# Games you're embarrassed to tell your friends that you play them



## [Nook] (Jan 1, 2011)

None.

I feel proud of what I play, even if my friends laugh at what I play.

They have laughed at Pokemon (they think it's just stupid), Mario Kart (because karts don't blow up into pieces), SSBB (no blood), AC (looks like a "little kid" game), and other games that may not be realistic or violent enough, and yet I am still proud of what I like and play.

I'm awfully hard to persuade, and I shall never let anyone change my opinions.


----------



## Micah (Jan 1, 2011)

_Topic Moved: Gamers' Lounge._


----------



## Numner (Jan 1, 2011)

None would actually care or know what I'm talking about.

Mississippifeelsbadman


----------



## Trent the Paladin (Jan 1, 2011)

Most of the people I talk with don't really judge or hate on what I play. Might joke around about it though.


----------



## Horus (Jan 1, 2011)

Lego Batman (it came with my xbox ffs)


----------



## Psychonaut (Jan 1, 2011)

only game i play that may be shameful is either some casual game i play, or harvest moon.

not that i don't tell them, just that it isn't as hardcore as others.  or something.


----------



## Jake (Jan 1, 2011)

None.


----------



## Marcus (Jan 1, 2011)

WoW, I used to think it was a sad *censored.3.0*'s game. I still do, but it's just too darn addicting to drop now.

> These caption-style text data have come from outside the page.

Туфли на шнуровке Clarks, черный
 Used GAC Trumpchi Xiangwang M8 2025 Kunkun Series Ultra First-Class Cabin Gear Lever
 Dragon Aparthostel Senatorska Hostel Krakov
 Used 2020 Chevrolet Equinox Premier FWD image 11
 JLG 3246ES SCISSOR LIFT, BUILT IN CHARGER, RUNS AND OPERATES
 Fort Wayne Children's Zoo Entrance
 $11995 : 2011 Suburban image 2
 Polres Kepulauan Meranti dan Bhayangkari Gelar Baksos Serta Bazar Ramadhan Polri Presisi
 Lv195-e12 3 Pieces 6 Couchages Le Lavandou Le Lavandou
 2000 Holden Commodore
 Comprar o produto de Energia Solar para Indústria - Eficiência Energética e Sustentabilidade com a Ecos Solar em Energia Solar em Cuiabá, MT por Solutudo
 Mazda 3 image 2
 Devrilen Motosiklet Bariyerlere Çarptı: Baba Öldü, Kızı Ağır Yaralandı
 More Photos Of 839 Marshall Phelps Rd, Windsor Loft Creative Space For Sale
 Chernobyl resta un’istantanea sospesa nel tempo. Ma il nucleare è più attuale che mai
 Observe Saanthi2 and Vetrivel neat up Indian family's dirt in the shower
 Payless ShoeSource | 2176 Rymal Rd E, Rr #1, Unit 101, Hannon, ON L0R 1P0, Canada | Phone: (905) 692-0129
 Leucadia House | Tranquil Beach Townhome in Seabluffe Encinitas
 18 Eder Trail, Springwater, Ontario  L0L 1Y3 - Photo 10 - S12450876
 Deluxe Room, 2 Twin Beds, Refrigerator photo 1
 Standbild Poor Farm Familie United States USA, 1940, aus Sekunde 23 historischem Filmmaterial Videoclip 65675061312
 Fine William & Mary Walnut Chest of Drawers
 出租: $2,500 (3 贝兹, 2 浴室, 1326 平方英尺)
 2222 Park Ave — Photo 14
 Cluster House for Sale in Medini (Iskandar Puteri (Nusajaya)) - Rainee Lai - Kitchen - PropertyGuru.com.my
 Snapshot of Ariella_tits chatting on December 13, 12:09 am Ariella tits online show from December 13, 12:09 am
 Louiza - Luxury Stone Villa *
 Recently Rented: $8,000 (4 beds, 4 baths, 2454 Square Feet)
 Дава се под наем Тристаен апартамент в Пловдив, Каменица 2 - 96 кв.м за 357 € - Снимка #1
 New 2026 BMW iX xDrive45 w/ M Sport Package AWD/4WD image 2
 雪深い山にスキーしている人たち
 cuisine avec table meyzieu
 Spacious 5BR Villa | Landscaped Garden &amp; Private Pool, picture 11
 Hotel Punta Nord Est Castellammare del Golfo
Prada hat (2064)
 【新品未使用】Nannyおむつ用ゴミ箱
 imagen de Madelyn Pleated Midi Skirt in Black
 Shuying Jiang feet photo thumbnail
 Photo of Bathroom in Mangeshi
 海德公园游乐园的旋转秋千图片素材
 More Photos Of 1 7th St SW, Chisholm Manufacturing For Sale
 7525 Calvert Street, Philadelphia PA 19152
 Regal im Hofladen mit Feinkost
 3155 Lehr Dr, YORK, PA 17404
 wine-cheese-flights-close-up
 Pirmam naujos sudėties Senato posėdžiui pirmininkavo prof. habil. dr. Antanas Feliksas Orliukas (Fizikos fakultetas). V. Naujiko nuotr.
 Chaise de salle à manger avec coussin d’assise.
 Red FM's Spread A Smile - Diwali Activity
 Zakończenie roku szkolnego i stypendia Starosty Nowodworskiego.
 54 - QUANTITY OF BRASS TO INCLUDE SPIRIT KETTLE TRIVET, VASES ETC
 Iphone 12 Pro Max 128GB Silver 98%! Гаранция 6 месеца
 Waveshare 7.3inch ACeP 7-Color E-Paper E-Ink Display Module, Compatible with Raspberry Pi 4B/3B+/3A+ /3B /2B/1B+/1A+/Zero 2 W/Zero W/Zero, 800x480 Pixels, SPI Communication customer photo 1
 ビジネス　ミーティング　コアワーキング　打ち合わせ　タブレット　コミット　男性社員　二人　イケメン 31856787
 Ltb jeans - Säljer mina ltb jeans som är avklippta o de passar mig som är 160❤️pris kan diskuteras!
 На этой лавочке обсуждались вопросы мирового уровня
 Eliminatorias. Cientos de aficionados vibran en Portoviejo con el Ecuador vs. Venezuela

Moral: Never even try WoW.


----------



## Jake (Jan 1, 2011)

Marcus said:
			
		

> WoW, I used to think it was a sad *censored.3.0*'s game. I still do, but it's just too darn addicting to drop now.
> 
> Moral: Never even try WoW.


Stupid Nigel


----------



## Trundle (Jan 1, 2011)

I have no friends. =(

Joking. If it were one, it would be Animal Crossing, but I don't even play it anymore.


----------



## Mino (Jan 1, 2011)

Animal Crossing, although I don't really play it and wouldn't be embarrassed to say I played it.


----------



## bittermeat (Jan 1, 2011)

Animal Crossing and Harvest Moon games..

A huge amount of people play Pokemon games at my school though. When HeartGold and Soulsilver released, everyone in the hallways had their Pokewalkers on them, haha.


----------



## AndyB (Jan 1, 2011)

Jake. said:
			
		

> Marcus said:
> 
> 
> 
> ...


How does this tie into Nigel?


----------



## Gnome (Jan 1, 2011)

AndyB said:
			
		

> Jake. said:
> 
> 
> 
> ...


Everything ties into Nigel.


----------



## Ciaran (Jan 1, 2011)

Gnome said:
			
		

> AndyB said:
> 
> 
> 
> ...


God, I hate Nigel.

@Trevor: olawl


----------



## Ron Ronaldo (Jan 2, 2011)

None, really. :> Unless I'm talking to people who are anti-videogame in general, but then it doesn't come up in conversation.


----------



## Princess (Jan 2, 2011)

None?


----------



## Cottonball (Jan 2, 2011)

None, I dont parade the games I play but if someone asked if I played it I would tell them.


----------



## -Aaron (Jan 2, 2011)

None. Let haters hate, they're not going to tell me what I'm suppose to enjoy and what I'm not.


----------



## Dimitri Petrenko (Jan 2, 2011)

None my entire school plays COD


----------



## ACKid9 (Jan 2, 2011)

None.


----------



## ACCFDude1 (Jan 2, 2011)

I have about 3-4 Facebook games I play I never tell my friends I play, FarmVille, CityVille, CafeWorld, and TreasureIsle.


----------



## Yokie (Jan 2, 2011)

Like every Nintendo game that's 3+. Now there's 10 year olds who play 16-18+ games.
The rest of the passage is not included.